The most important thing to check is the amount of the coverage. According to the Autorité des marchés financiers, insurance products usually offer $3 million to $5 million of coverage for emergency medical expenses. Consumers should be cautious if they are being offered only $200,000 or $300,000 of coverage. This is particularly true for travel in the United States, where hospitalization costs can be $10,000 to $12,000 per day.

“The coverage won’t be enough if someone has to spend a month on a respirator. And because hospitals are overcrowded everywhere, those costs could end up being higher than they were before the pandemic.”

Lyne Duhaime


In other words, consumers have to be the judge of what they can afford to pay for medical care if the cost of their medical treatment turns out to be higher than what their policy covers.

When shopping for an insurance policy to cover COVID, consumers should check whether the policy covers other illnesses as well, and for how much. “You might be covered for other risks, like a heart attack, but the coverage won’t be as much as it was before the pandemic,” says Duhaime.

Trip cancellations or interruptions are unlikely to be covered during the pandemic, simply because the probability of cancelling a trip is too high. A few slight symptoms may be enough to prevent a traveller from boarding a plane. If that happens on a return trip, the traveller may end up spending weeks in a hotel, which would be costly. Insurance companies will take this possibility into consideration in covering trip interruption, so travellers should check the conditions of their policy carefully before leaving.

The CLHIA recommends that travellers purchase trip cancellation coverage for “any reason” just to be on the safe side. Although this kind of coverage will be more flexible regarding reasons for cancellation, it may end up costing more. As well, some reasons for cancellation may be ruled out, such as “concern” about risks of infection. This would be problematic if the public health situation in a country were to grow worse over the course of a trip.

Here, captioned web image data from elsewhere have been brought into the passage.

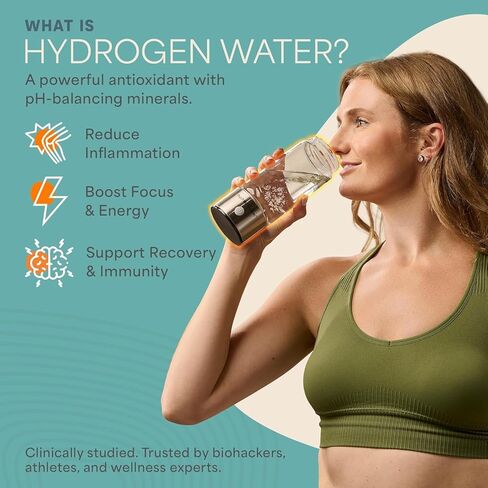 Lifepro Hydrogen Water Bottle Generator with Ionizer & SPE/PEM Technology – HydroLife Plus Portable, Rechargeable Alkaline + Hydrogen Water Machine for Daily Wellness & Hydration – 14oz Capacity in Saudi Arabia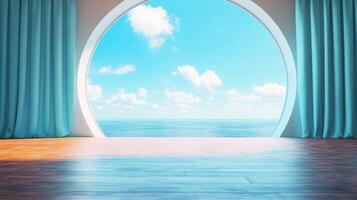 A round window frames a tranquil ocean view with curtains, creating a serene indoor-outdoor connection with a polished wooden floor. photo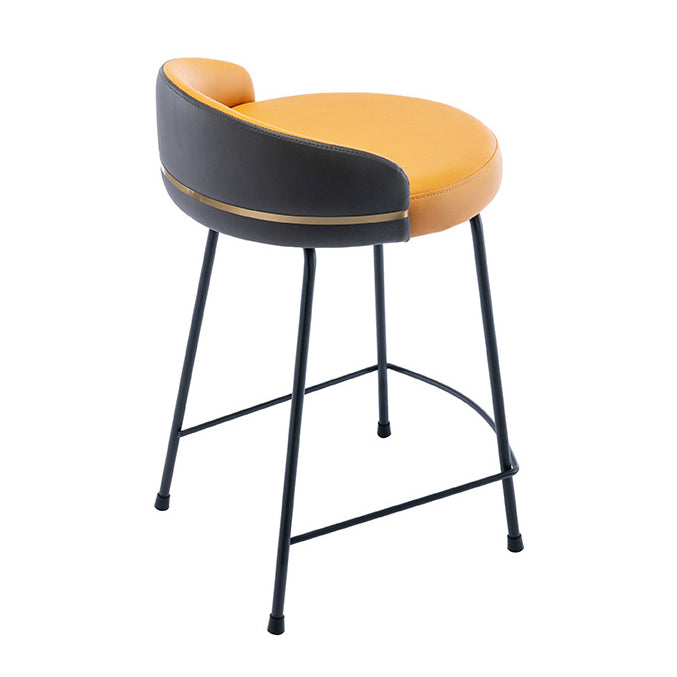 Contemporary Bar and Counter Stool Low Back Stool with 4 Legs in Black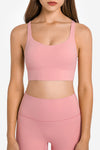 LC264666-P8010-S, LC264666-P8010-M, LC264666-P8010-L, LC264666-P8010-XL, Rose Tan Criss Cross Straps Back Push up Sports Active Bra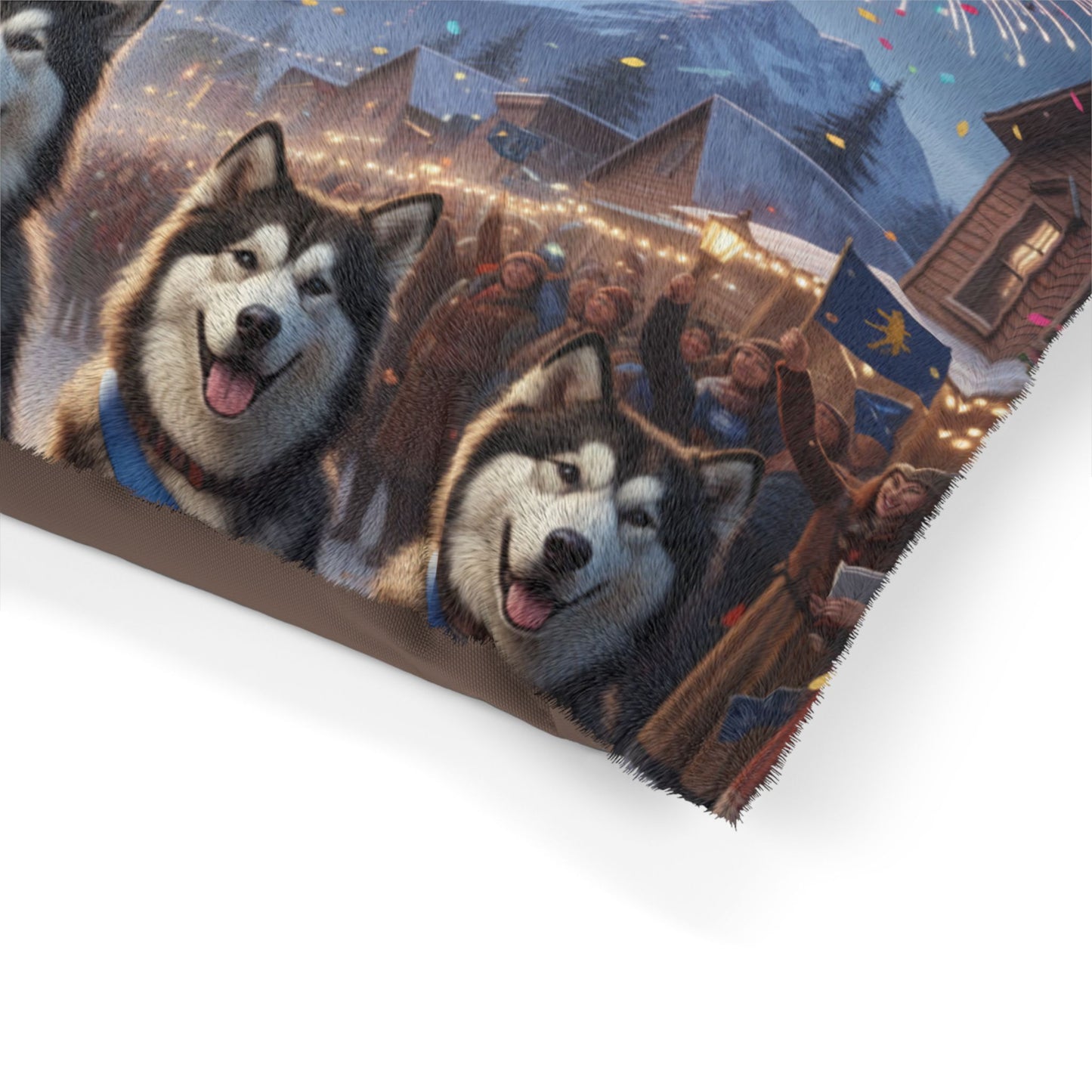 Happy Alaska Day Alaskan Malamutes Pet Bed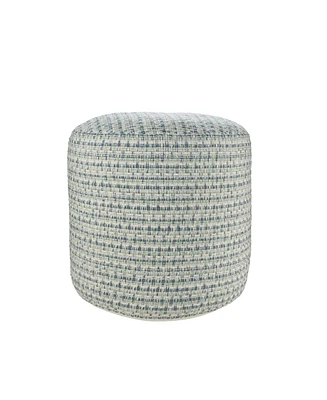 Round Geometric Polyester Pouf Ottoman for Indoor and Outdoor Seating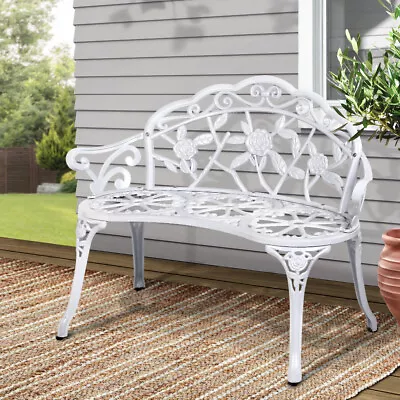 Vintage Weather & Rust-resistant Garden Bench Outdoor Patio Seat Cast Iron White • $178.95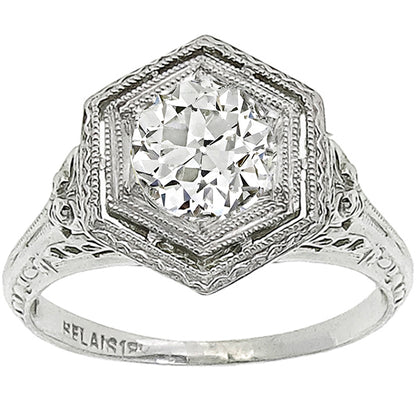 Edwardian GIA Certified 0.72ct Round Diamond 18k White Gold Engagement Ring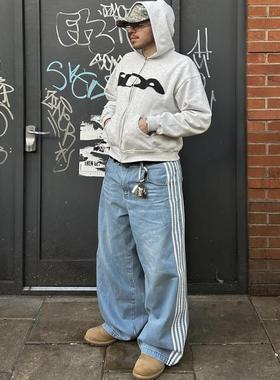 HCW高街冰蓝美式牛仔裤男款水洗宽松蓝色刺绣垂感baggy阔腿裤潮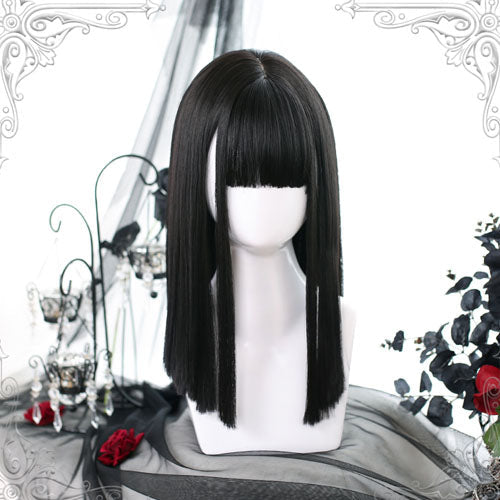 Natural Short Straight Hair Classic Lolita Wigs - Black - 1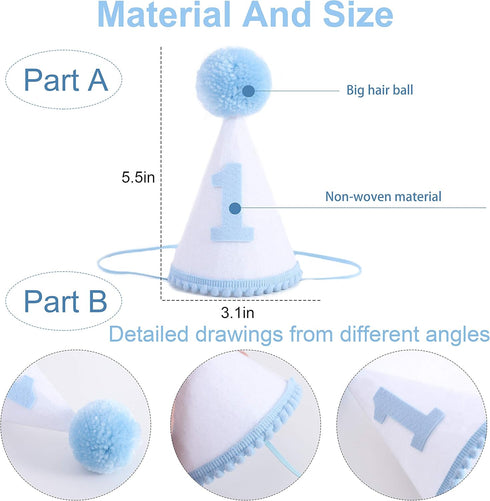 1st WAOUH Boys Birthday Hat and Highchair Banner - Blue and WHite Party Decoration (BAI LAN TAO CAN)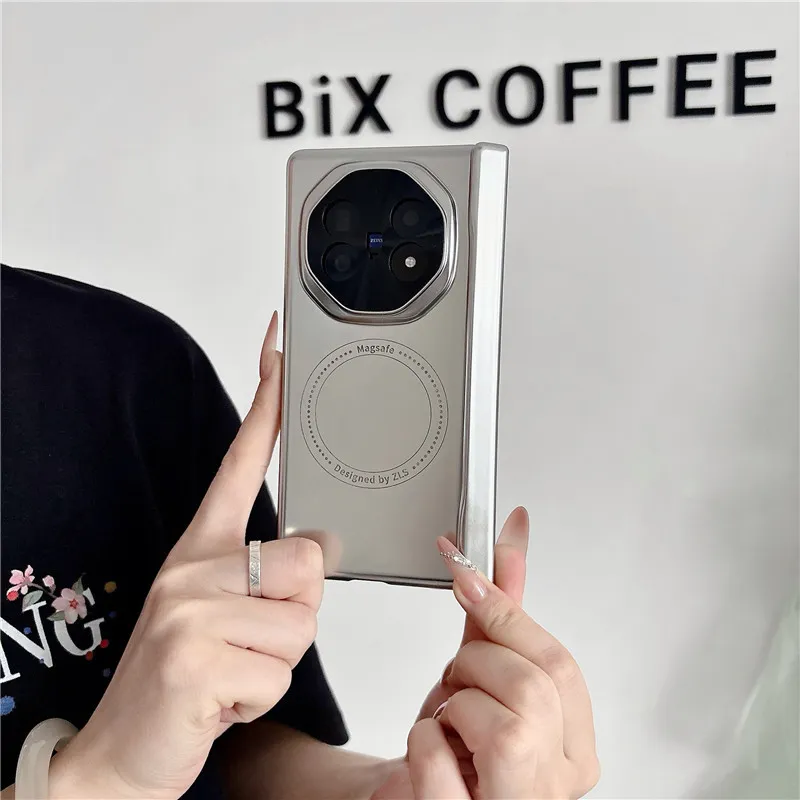 VIVO XFOLD6 phone case, xfold6 electroplated magnetic ring hinge case, integrated protective film, drop-proof case.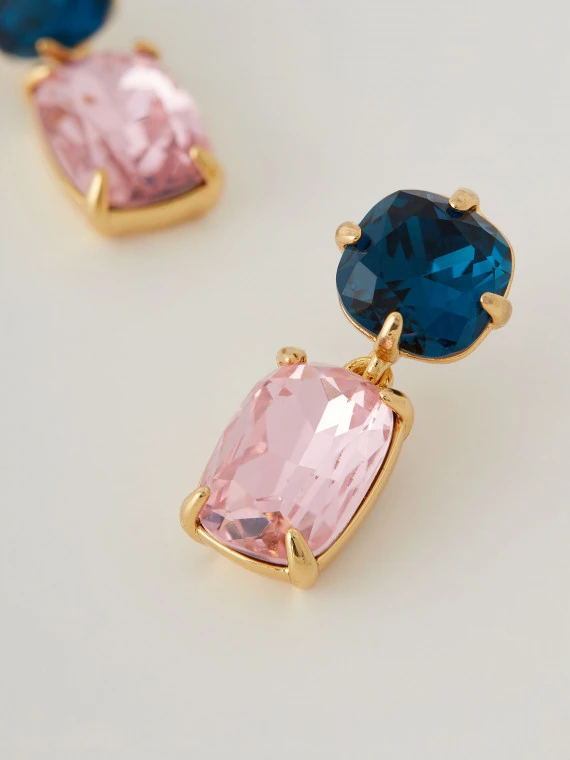 Elegant navy blue and pink rhinestone earrings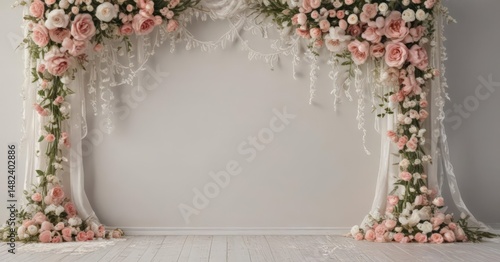 Elegant artificial floral backdrop with lace & ribbons ,  fabric,  event,  summer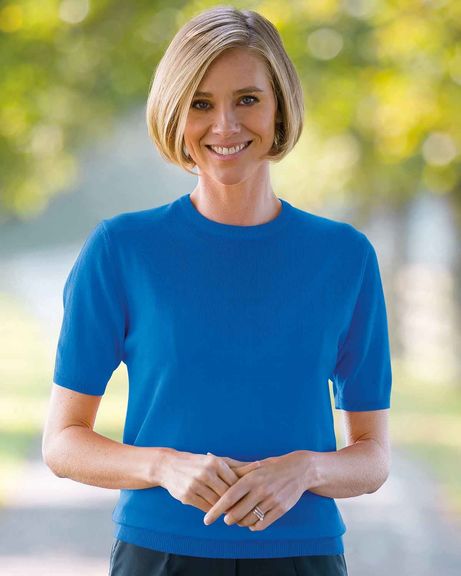 Merino Short Sleeve Crew Jumper - Azure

In short, nothing about getting travel insurance will be easy over the course of the pandemic. Even savvy vacationers with iron-clad insurance policies could end up in a fix if they’re not careful. Governments could close borders at any time, impose new restrictions or even order tourists to leave without notice.

The best insurer in the world can’t control medical systems or conditions for repatriation, particularly during a pandemic, when hospitals are overcrowded and there are fewer flights. The CLHIA recommends that all travellers be prepared to return to Canada quickly if the Canadian government raises the risk level of their destination or prohibits nonessential travel – a situation that could jeopardize coverage for anyone who stays away too long.

So on that note, bon voyage!

Questions to ask

If you decide to travel during the pandemic, be sure to check the following information.

  • Is the chosen destination covered?
  • Can the trip be considered essential? If not, what coverage is available for nonessential travel?
  • What is the amount of the coverage? Is that amount guaranteed, or does it depend on the number of claims that are made?
  • Does the travel insurance cover COVID tests and COVID-related health problems? And does it cover other medical emergencies?
  • Will the insurance be valid for the entire duration of the trip? Is it possible to extend it after departure to cover a quarantine or forced stay?
  • Is trip cancellation and interruption covered? If so, under what conditions?